Mais ces entrepreneurs ne se contentent pas des grands ouvrages… Les commerçants chinois sont sur tous les créneaux : produits de première nécessité, biens de grande consommation, équipements électroménagers… Signe de la formidable percée chinoise, le fret maritime vers le continent africain a augmenté de plus de 20 % en 2003-2004. Dakar, Libreville, Johannesburg comptent désormais leur « Chinatown », quartier d’affaires aux mains des citoyens de l’empire du Milieu. L’implantation se fait toujours de la même manière. Des éclaireurs – coopérants, employés de grandes entreprises ou aventuriers – montent une boutique ou un entrepôt d’import-export qui sert de « cheval de Troie » à l’implantation des activités et à la venue des compatriotes. Ensuite, tout est affaire de négociation avec les autorités locales pour obtenir les visas, les autorisations d’exercer, le dédouanement des marchandises… Pour s’imposer sur le marché, ces commerçants n’hésitent pas à casser les prix… sans grande difficulté, car ils s’approvisionnent directement dans les industries de la République populaire, le « grand atelier du monde ». La recette est partout gagnante : de plus en plus la ménagère africaine, dont les revenus sont limités, achète chinois.

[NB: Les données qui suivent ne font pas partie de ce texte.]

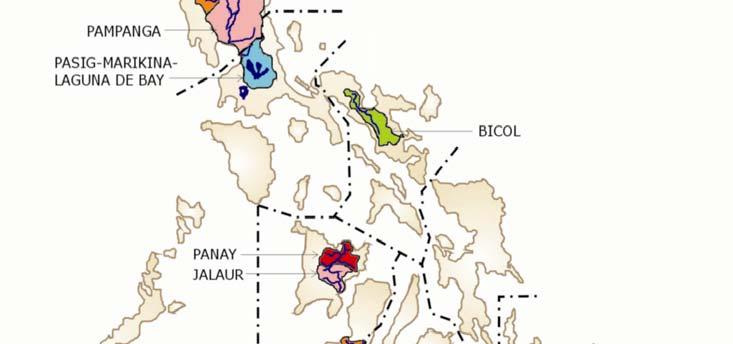 (Beguet, Pangasinan & Tarlac) Pampanga river basin (Pampanga, Nueva Ecija and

Le président Hu Jintao l’a bien compris. Lors de sa tournée en Égypte, au Gabon et en Algérie en février 2004, il a mis en avant la complémentarité des économies chinoise et africaine. Une ligne politique qui ne trompe plus grand monde… Pékin a intérêt, comme les Occidentaux, à vendre ses produits manufacturés, qui constituent une bonne valeur d’échange, contre les ressources naturelles africaines dont elle a besoin. « L’Afrique consomme depuis longtemps des produits made in China. Maintenant, ce dont nous avons besoin, c’est d’un accès au marché chinois pour vendre nos produits », s’est irrité l’ancien président mozambicain Joaquim Chissano, à l’occasion du IIe Forum de coopération Chine-Afrique en 2003. Or, dans le secteur forestier, par exemple, la Chine ne souhaite importer que des grumes et non du bois déjà transformé, ce qui va à l’encontre de la politique d’industrialisation poursuivie par plusieurs pays d’Afrique centrale.
À l’avenir, les échanges sino-africains devraient continuer à progresser. Mais, si les pays du continent ne défendent pas leurs intérêts bec et ongles, les fruits de ce commerce continueront en grande partie à leur échapper.